# THE PROBLEM
From the first line of the material to the line containing "Custom Buffet Style", inclusive, write out each line exactly, leaving out the pictures.

-*-

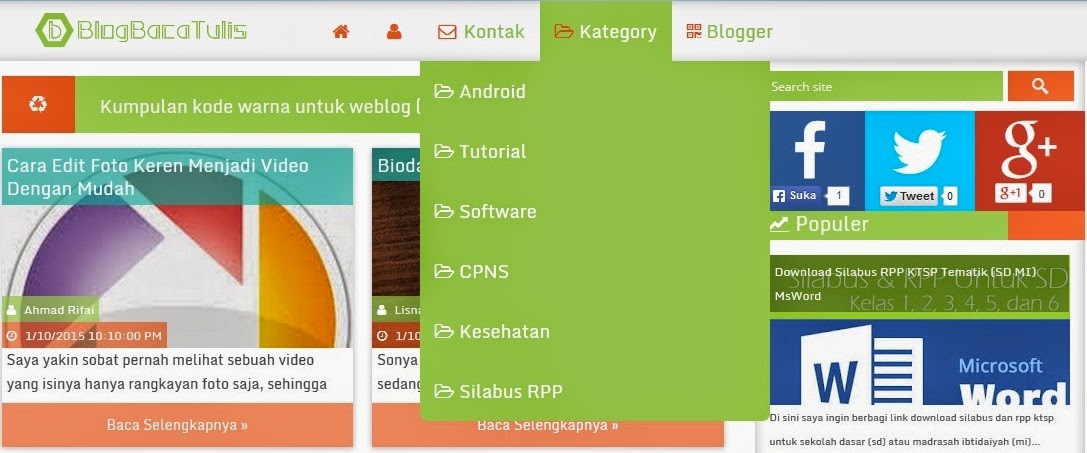 Cara Membuat Menu Di Blog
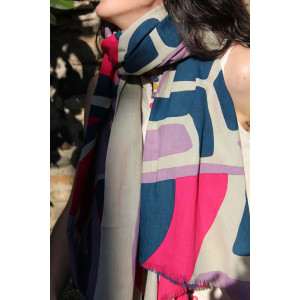 Foulard Coton Bio Cosmopolis Lavande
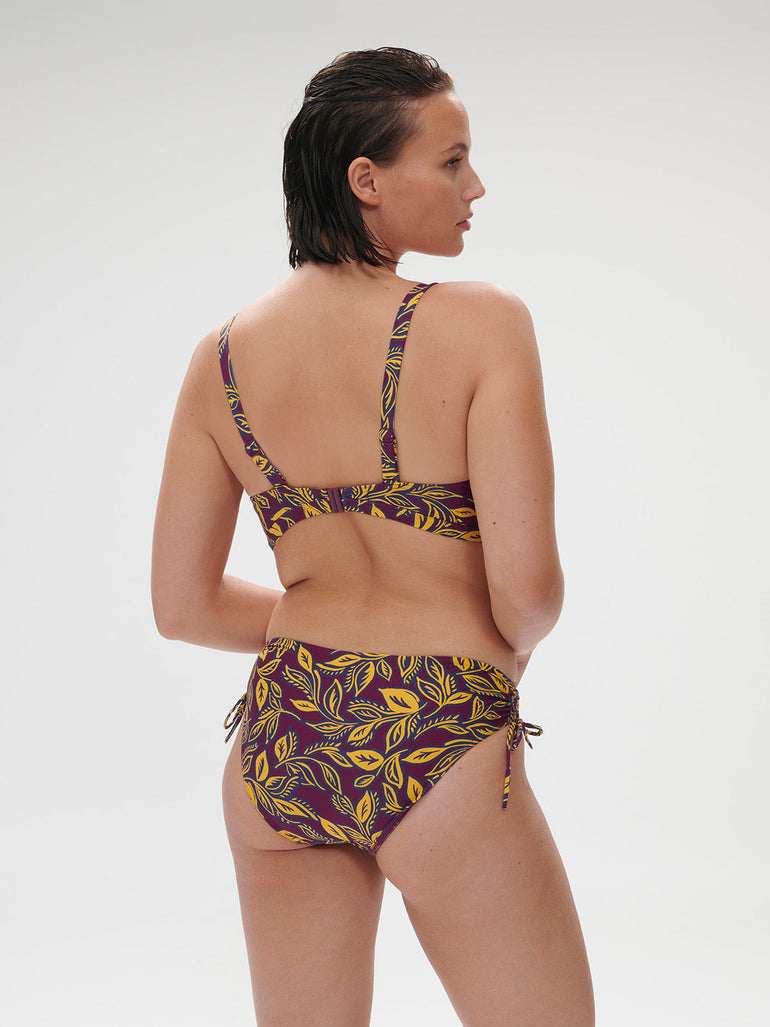 High-waist bikini brief - Agadir Purple Print
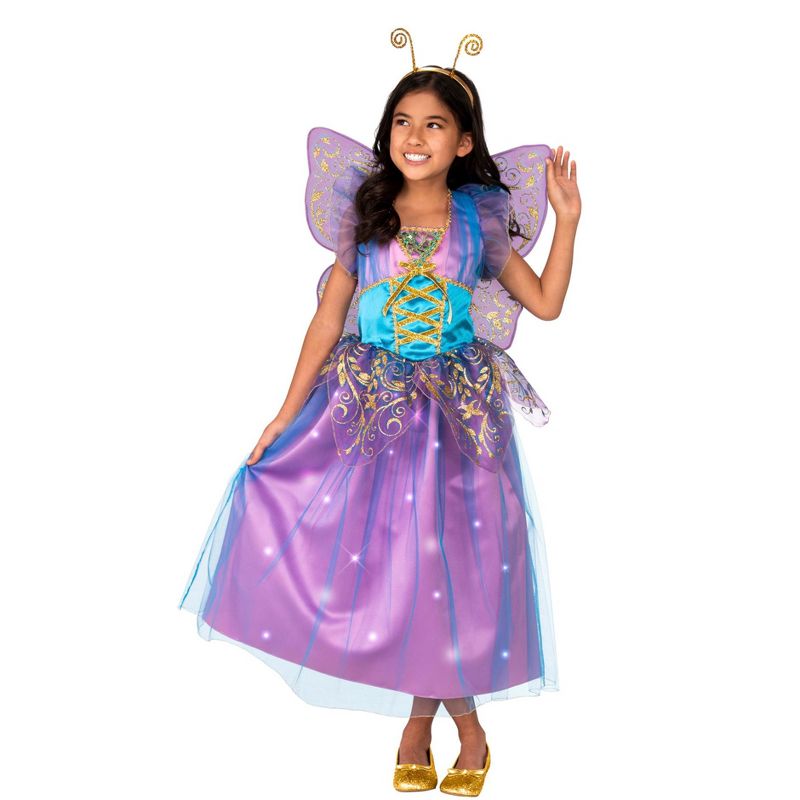 Rubies Light Up Purple Fairy Girl's Costume, 1 of 3
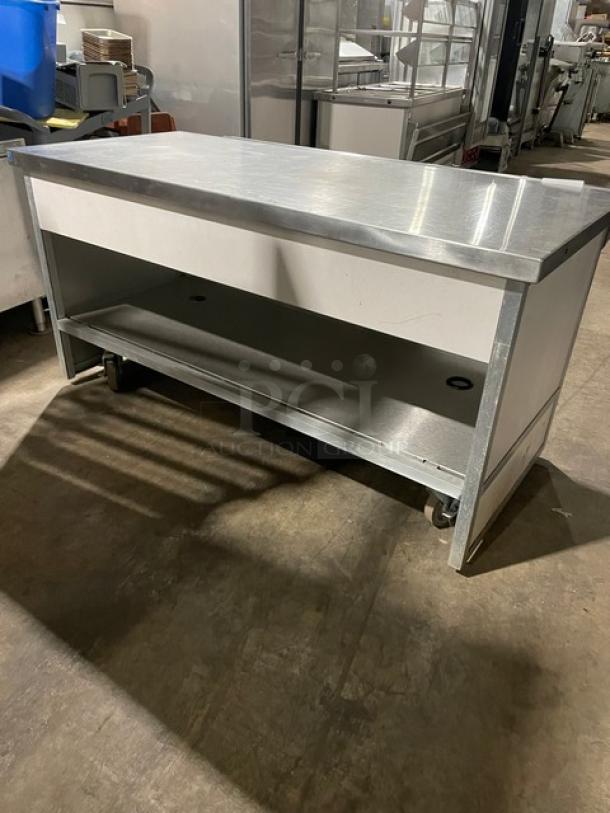Custom Buffet Style Commercial Stainless Steel Solid Top Serving/Utility Station! With Foldable Tray Slide & Enclosed Cabinet Base! On Casters! - Image 3 of 9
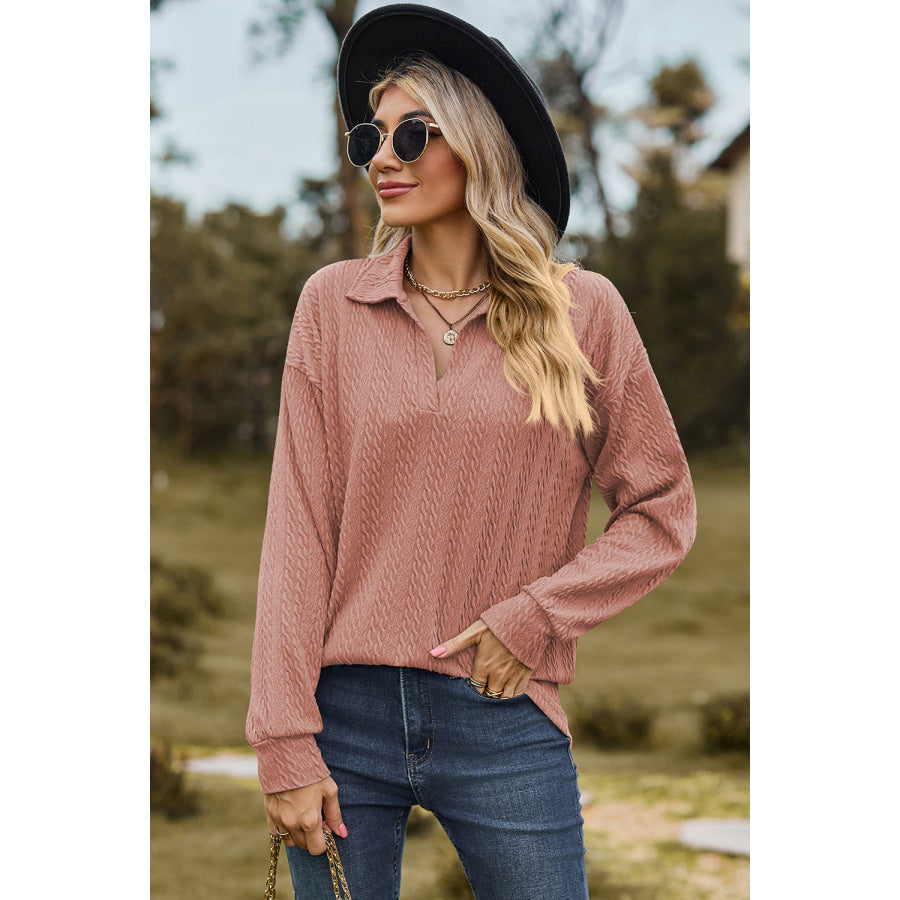 Johnny Collar Dropped Shoulder Blouse Light Mauve / S Apparel and Accessories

-*-

# THE COMPLETED TASK
 Cara Membuat Menu Di Blog
 Foulard Coton Bio Cosmopolis Lavande
 High-waist bikini brief - Agadir Purple Print
 Rubies Light Up Purple Fairy Girl's Costume, 1 of 3
Custom Buffet Style Commercial Stainless Steel Solid Top Serving/Utility Station! With Foldable Tray Slide & Enclosed Cabinet Base! On Casters! - Image 3 of 9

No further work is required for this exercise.